Fifth graders Irina, Oksana and Masha conceived a collage. A densely shaded purple gouache lake or sea is an ocean. Three white swans made of white cloth. In the middle of the lake is a green, grass–covered patchwork hill. A white angel with foil wings stands on it. There are two silver butterflies above the lake. A big pale yellow sun and lots and lots of white gulls. And this whole idyll is called “Angel Hill”.

Do you remember the poem “About Boys and Girls” (what they are made of), beautifully translated from English by Samuel Marshak?

One day I suggested that the studios draw not a simple, but an animated tree. And the boys had: a killer tree, a zombie tree, a poisonous tree, etc., and the girls had a tree of God, a tree of love, a tree of joy, a tree of peace, a tree of the rainbow.

Thanks to the girls! While the boys are fighting with something or someone, they are saving the world with kindness and light.

A physicist I know used to say, “A man in nature is expendable.” I remember an anecdotal phrase: “Men are accidentally surviving boys.” In general, there is something to think about when looking at the free drawings of boys and girls.

The main thing is to inspire: with a theme, a technique, a texture, a material – and to let the souls of young artists go free. And do not be afraid of monsters, ghosts, vampires, fights and battles in the drawings of boys. “We still need to persuade them to draw the good and the bright, to contribute to this!” – most colleagues will object to me. Definitely. So this is kind and bright, if you understand that a boy, a teenager, lives his victories in these drawings, and lives out his fears. Let us recall a primitive magical ritual: in order for the hunt to be successful, the painted animal was first killed. Did the hunters die in the boys?

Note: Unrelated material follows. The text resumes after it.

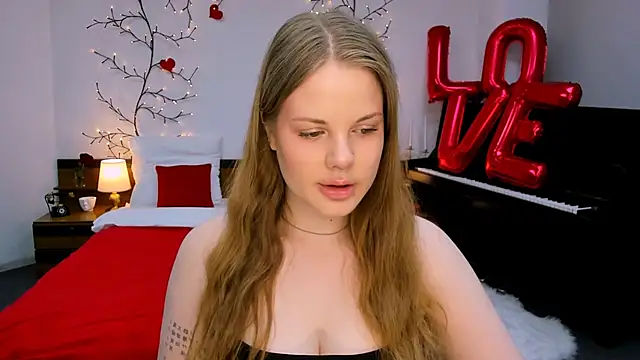 Snapshot of holy_kitty chatting on 02.22.25 holy kitty online show from 02.22.25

What’s not to be afraid of in girls’ drawings? It’s mostly scary: endless hearts, pets, fairies, princesses, queens. The themes of love, family, and childbirth are constantly on their minds. There are no taboo topics – there is a right or wrong, traumatic or understanding reaction from the teacher (parent). And eternal topics worry them no less, if not more, than adults. And children, great taciturn people, are more likely to express their problems in drawing than in conversation.

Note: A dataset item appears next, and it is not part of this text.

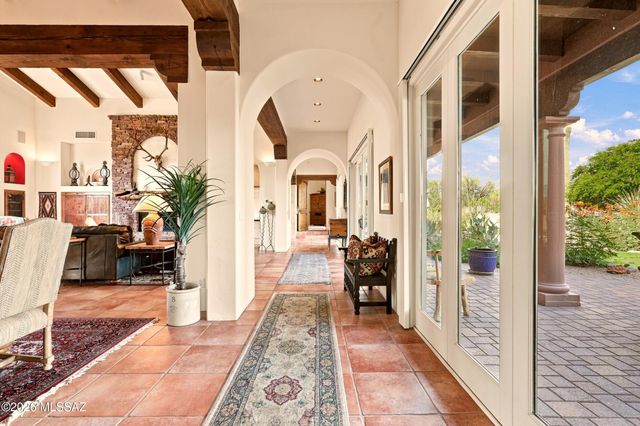 14460 N Sun Spring Drive, Oro Valley, AZ 85755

Finally, let’s talk about the beautiful. As in the famous meme where the seller of “fish” laid them out on the shore, so big and shiny, and the cats sit decorously, as at a royal reception, and look at them. “Are you selling fish?” “No, I’m showing you. It’s beautiful.” And what could be more beautiful than princesses?

In a certain class, they were going to put on I don’t remember which French fairy tale. There was a prince who was going to get married. And so we were asked to create a gallery of beauties as decorations, so that there would be someone to choose from. And in a solid format: a Watman or a half-watman. A task for fifth and seventh grades. Many worked in teams and in pairs. I’ve often practiced this: it’s more fun and work can be done faster with someone you like.

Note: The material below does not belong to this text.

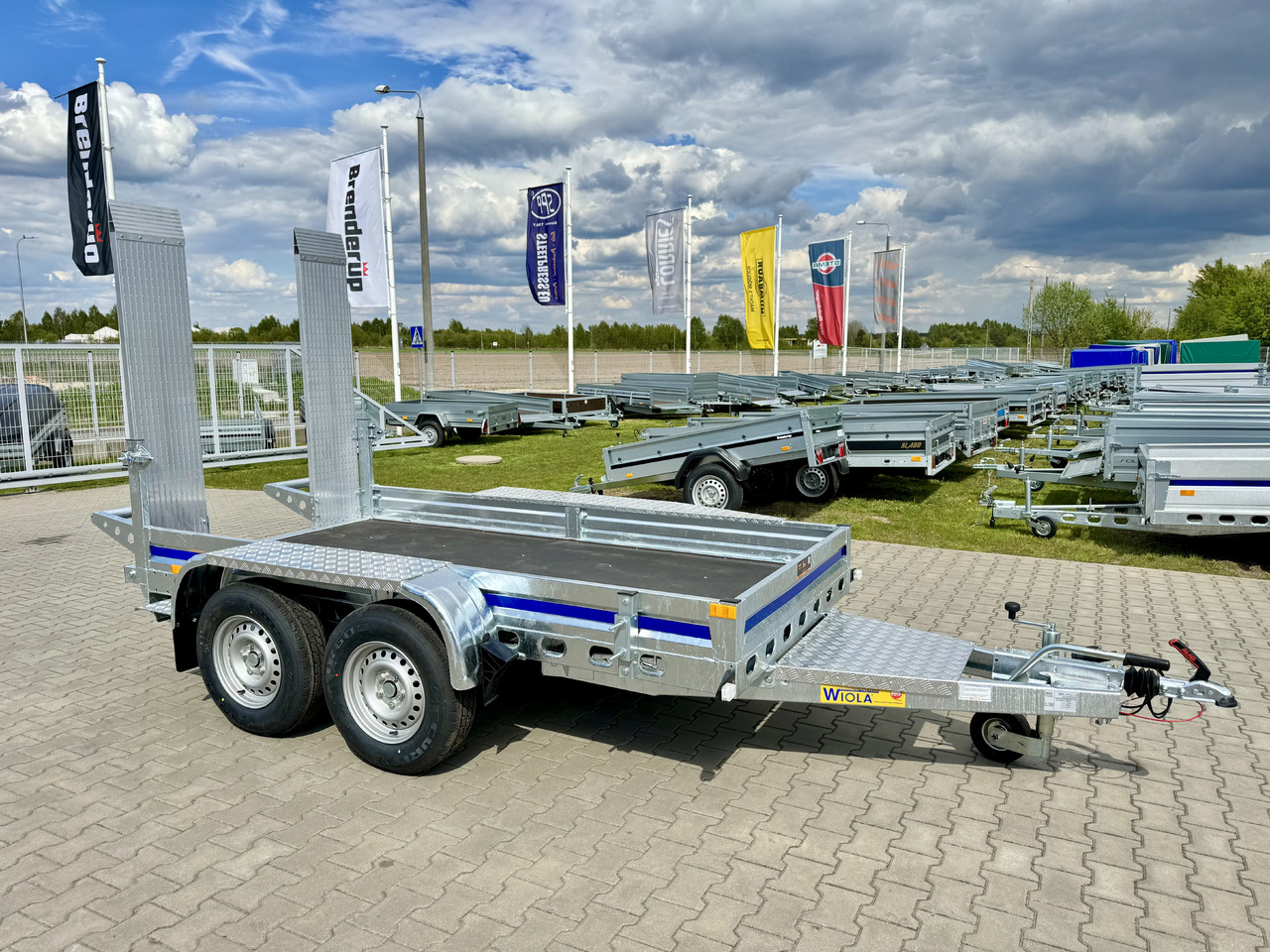 Wiola B2730 GVW 2700 kg machine transporter mini excavator 292x142 cm - Remorque porte engin: photos 1 Wiola B2730 GVW 2700 kg machine transporter mini excavator 292x142 cm - Remorque porte engin: photos 1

Do you think boys of this age can-want-to-be able to draw a beautiful princess on a par with girls? The theme is kind of girly.

And Sasha and Grisha’s sixth graders had a question.: “Can I draw an ugly princess?” I replied: “Come on!”

What did they do? The princess is absolutely charming in her ugliness. A blonde with short pigtails, a gold crown, and pince–nez-maybe she’s a scientist? In a yellow and blue fluffy dress, with a luxurious bow on the skirt and bows on the sleeves. Jewelry was not offended: rings, bracelets, a pendant. She went out for a walk: that’s why the path with the palace was painted, and the tree with the bird in the nest next to it, so that she wouldn’t be bored.

Honestly, I don’t want to offend the beautiful princesses, but if I were a prince, I would choose her, she’s too unusual. However, in the process of creation, a princess from Africa appeared – with a beautiful green face, in an orange dress, in a patterned blue-orange headdress against a background of yellow sky and blue sea. And even an oriental prince in a turban, drawn by a girl, for some lost princess from another fairy tale.

And it doesn’t matter that the performance didn’t take place, but the collection of beauties was created, and any of them can be lucky enough to become the bride of the prince.